Only a few weeks left in 2012 and I have not fallen in love. See, in January I was convinced that I would fall in love this year. In January I wanted to meet “that” guy, fall in love and get married. I thought about the dress and the ceremony and a lifetime of wedded bliss. He would be mature, solid in his faith, financially stable and totally in love with me.
That did not happen. And I don’t say that with disappointment, it’s just a point of fact. I actually don’t feel anything one way or the other. In fact, when I really think about it … where in the world would I fit a relationship? I have so many things that I’m trying to accomplish right now and I don’t want any of them to take a back seat.

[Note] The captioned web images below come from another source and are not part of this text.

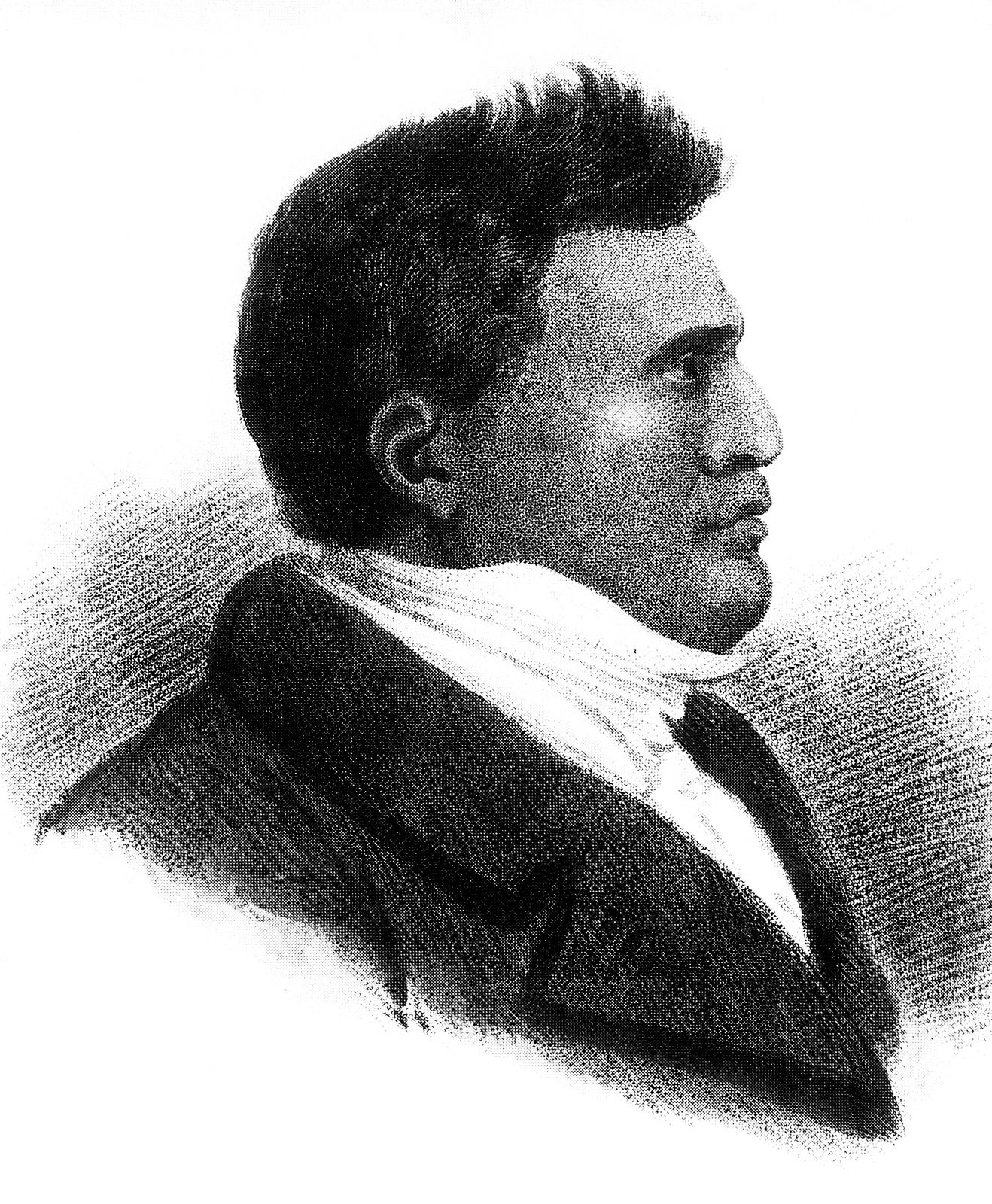An engraved profile portrait of a young man with thick hair, in a dark coat and white cravat.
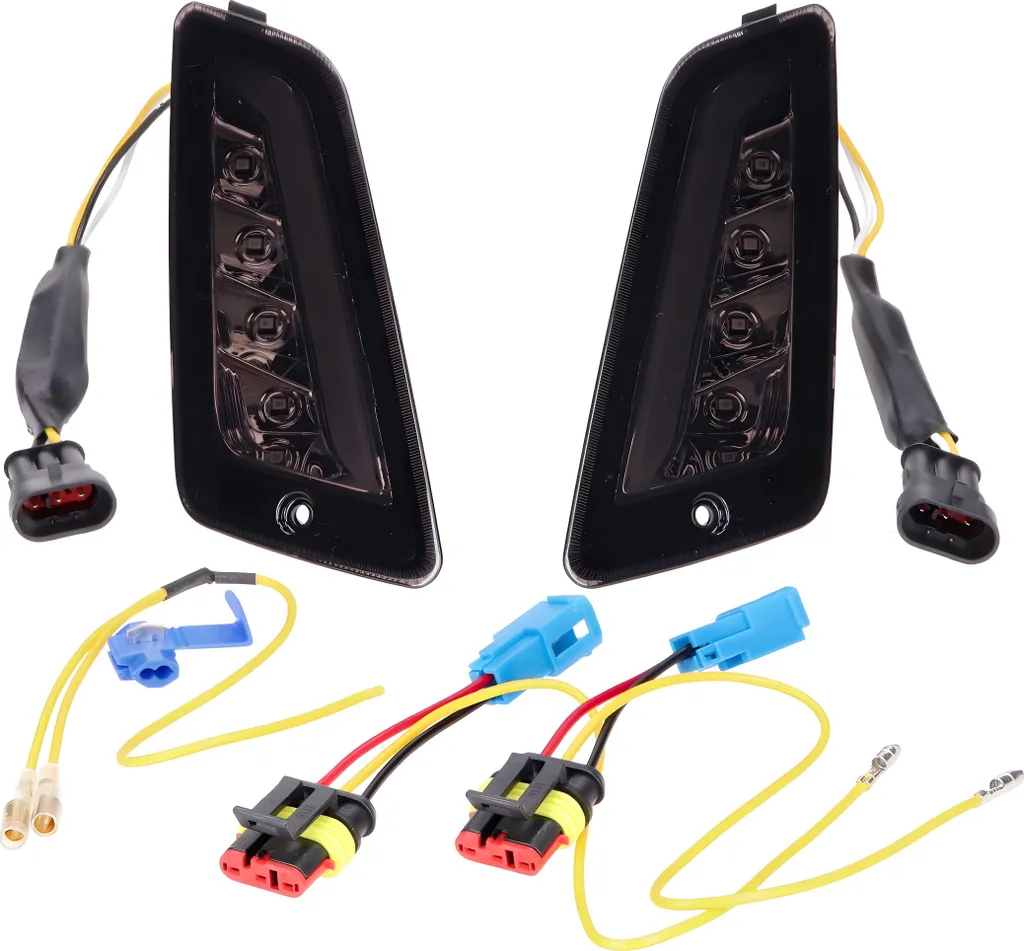 Set indicatori di direzione anteriori a LED fumé grigio scuro per Vespa GT, GTL, GTV, GTS 125-300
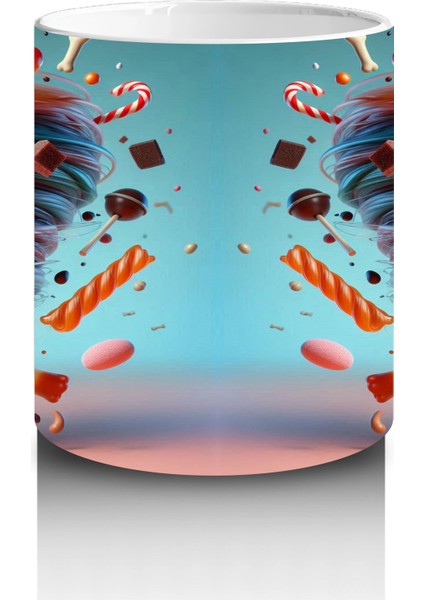 Külah Içinde Balkabağı ve Şekerlemelerle Eğlenceli Cadılar Bayramı Baskılı Kupa modelleri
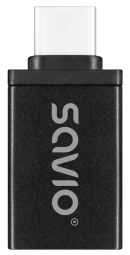 Adapteris Savio AK-80 USB-C to USB-A Black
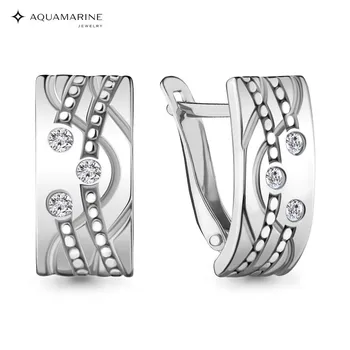 

AQUAMARINE earrings with cubic zirconia, silver 925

In other words, I’m not willing to put a man first … ahead of school, ahead of my fitness journey, ahead of reaching my financial goals. Not yet anyway.
Will I ever be ready? Remember in SATC when Aiden told Carrie, “If you don’t want to marry me right now, you’ll never want to marry me.”

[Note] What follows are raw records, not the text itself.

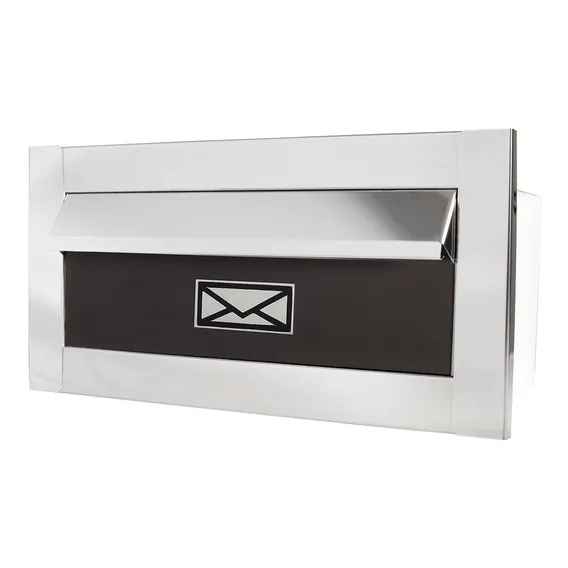 Caixa Correio Frente Inox Branca Preta Carta 30 Cm Profundid Cor Marrom Foto 1
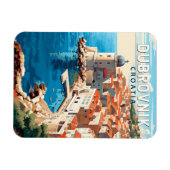 ドゥブロヴニククロアチアトラベルアートヴィンテージ マグネット (横)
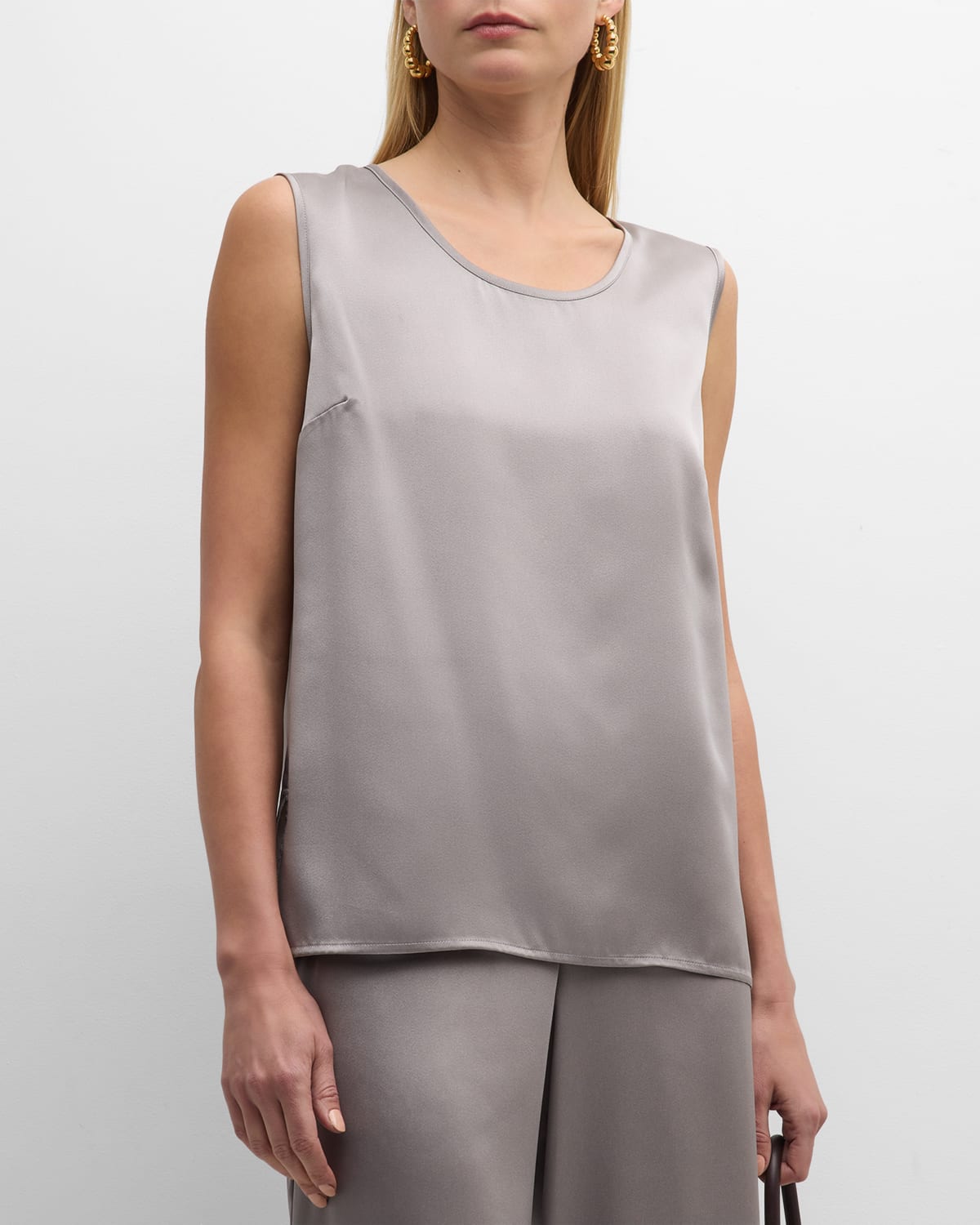 Caroline Rose Side-slit Satin Tank In Pearl Grey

Is that true? I can’t imagine “giving it all up” for a guy. Not again. I did that once back in 1993 – left my home and job and got married and moved to VA. Different time, different circumstances. Can’t see it happening again. And is it realistic to expect a man to be content being so far down on the list of priorities?
I look at my life the way it is today and I ask myself, would a husband bring any added value to my life right now? Two years from now? Five years from now? I don’t know the answer to that question.
The idea of sharing my life with someone sounds nice in theory. Then again, I haven’t always been known for my ability to share.